Run Like Hell.
Saturday I went to New York City and met up with several people from Twitter that I’ve known for a long time, and several people I was meeting for the first time. It’s hard for me to emphasize just how positive a factor in my life Twitter has become. I’ve met dozens of people, in real life, who have become true friends. I’ve met people who’ve reached out to me for help with alcohol. Or with their marriages to alcoholics. I’ve met scientists who study fascinating things. And I’ve come to see the true face of science in America, and in other places, today. The passion, the pain, the heartbreak, and all the challenges. I see how the system churns in the background, and I wonder what can be done to save it. The rotors of this machine are about to bite into the soil, and this massive apparatus could all come spinning apart.
There are huge, terrifying challenges in life. This should be news to no one. I’ve faced some, and surpassed them. I’ve faced some, and been beaten. And I’ve only survived some because I’ve been beaten. If I hadn’t abandoned my battle with alcohol, if I were still trying to fight and hadn’t surrendered, I can’t imagine the straits I’d be in. If I were even alive. Alcoholism cannot be beaten. We can only surrender. If I hadn’t given up fighting for my marriage, I’d be trapped in bitter loneliness. Sometimes, surrender is the only route to relief.
Yesterday, I got up at 7:30 on a Sunday morning and made coffee. Had cereal. And then I ran 10.67 miles. Well, I ran 6.21 miles, and then I did walk/run intervals for 4.46 more miles. I ran that first 10K in 61:53. I ran, at a 10 minute per mile pace, for more than an hour without breaking stride. I know I’ve written before about my amazement at my running accomplishments.

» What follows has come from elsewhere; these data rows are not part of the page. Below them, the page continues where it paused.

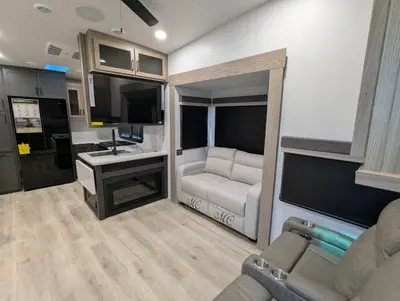 2026 Forest River Rockwood Signature R371RK photo 21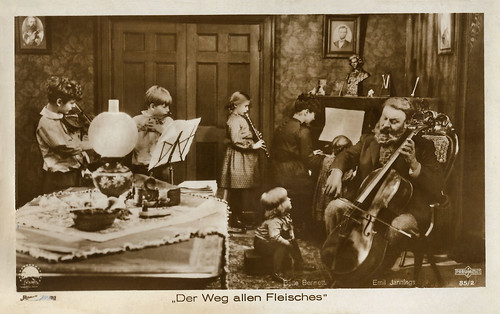 Belle Bennett and Emil Jannings in The Way of All Flesh (1927)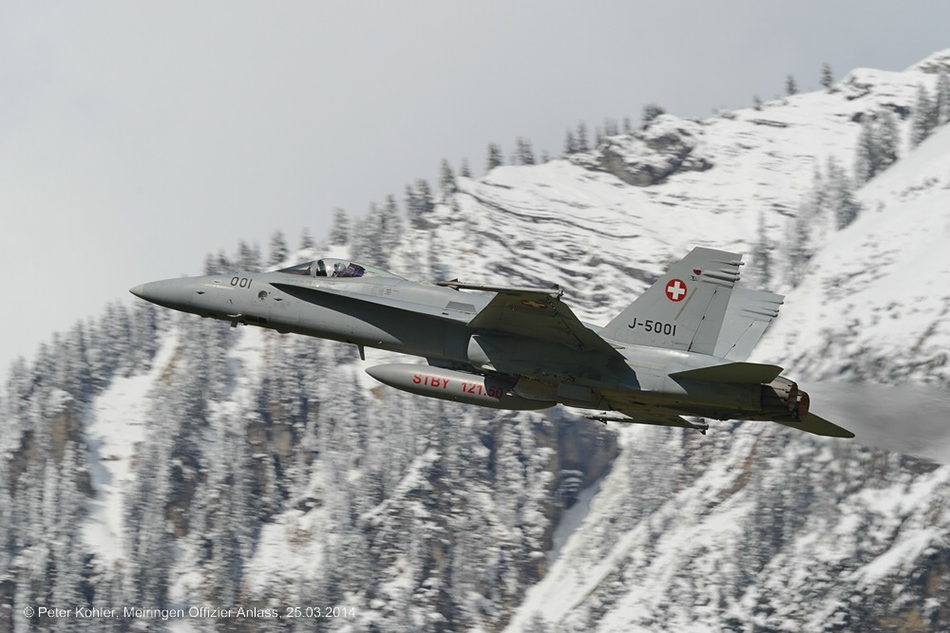 %_tempFileNamecomp_140325_MEI_Offizieranlass%20056%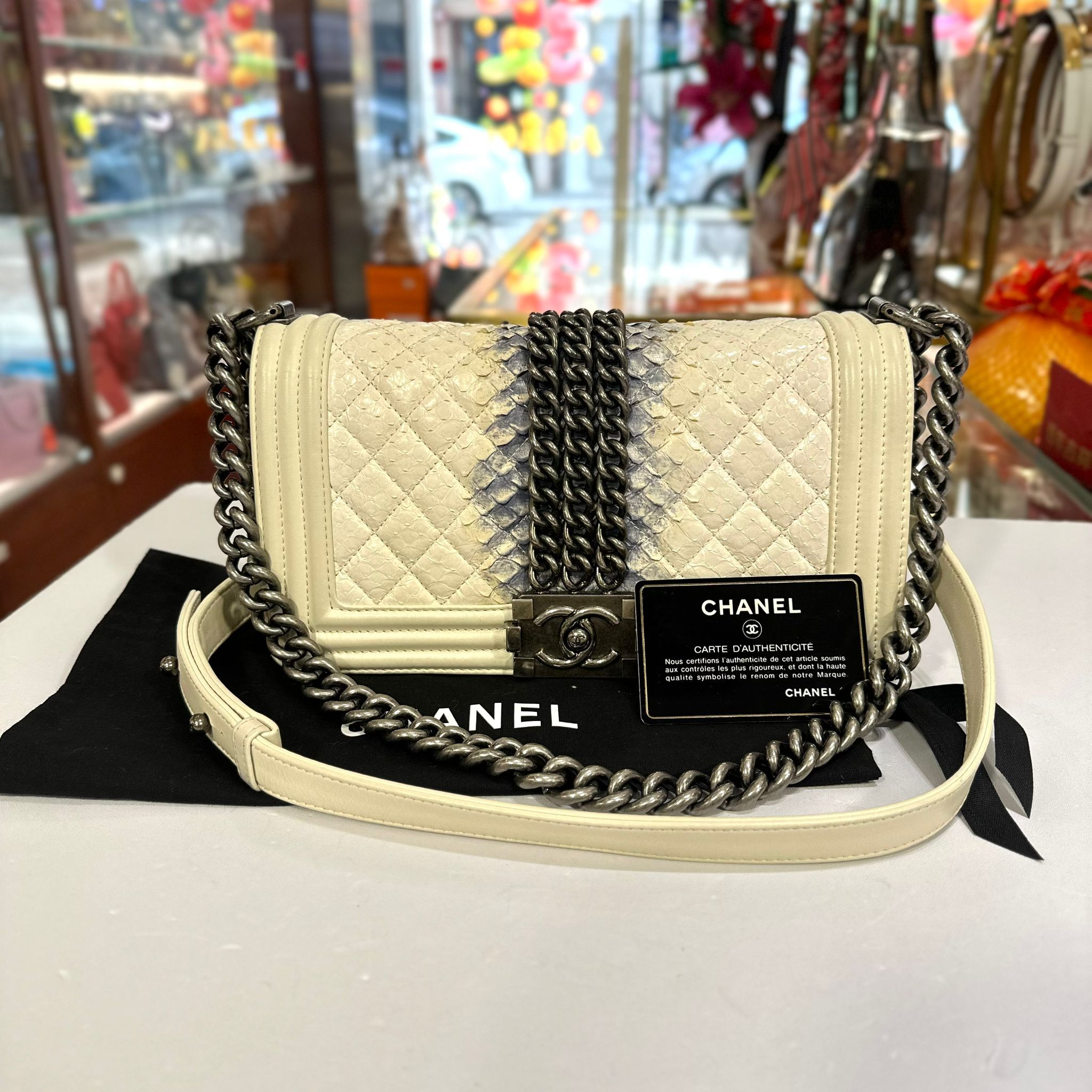 95%NEW二手 BOY CHANEL A67086 WHITE SNAKE LEATHER LEBOY CHAIN SHOULDER BAG, 香奈兒黑白漸變暈邊蟒蛇皮斜背包中碼 #香榭站正品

I won’t rehash it all now. But I have to comment that, this is what I love about being an alcoholic. I love that I can go out, and run myself like hell into the ground, and it feels like a privilege. I drank and I smoked and I nearly killed myself. Now, I am healthy and free and happy.
A lot of alcoholics in recovery end up running marathons. We’re people driven to excesses of all sorts. When we leave drugs and alcohol behind, sometimes we replace it with other obsessions. But being driven to run, be healthy, surpass goals and achieve big things, these are not destructive obsessions for the most part (Though, of course, anything can be destructive when it is used to the exclusion of important aspects of life.). These are healthy dedications. Dedications to life, and freedom, and to the exuberance of experience.
I used to use alcohol to run from things. I hid, and slithered into bottles of shame and degradation. I used to travel in order to feel like I was out of myself. Far from the life I didn’t want to be living. I spent most of my third decade running from myself.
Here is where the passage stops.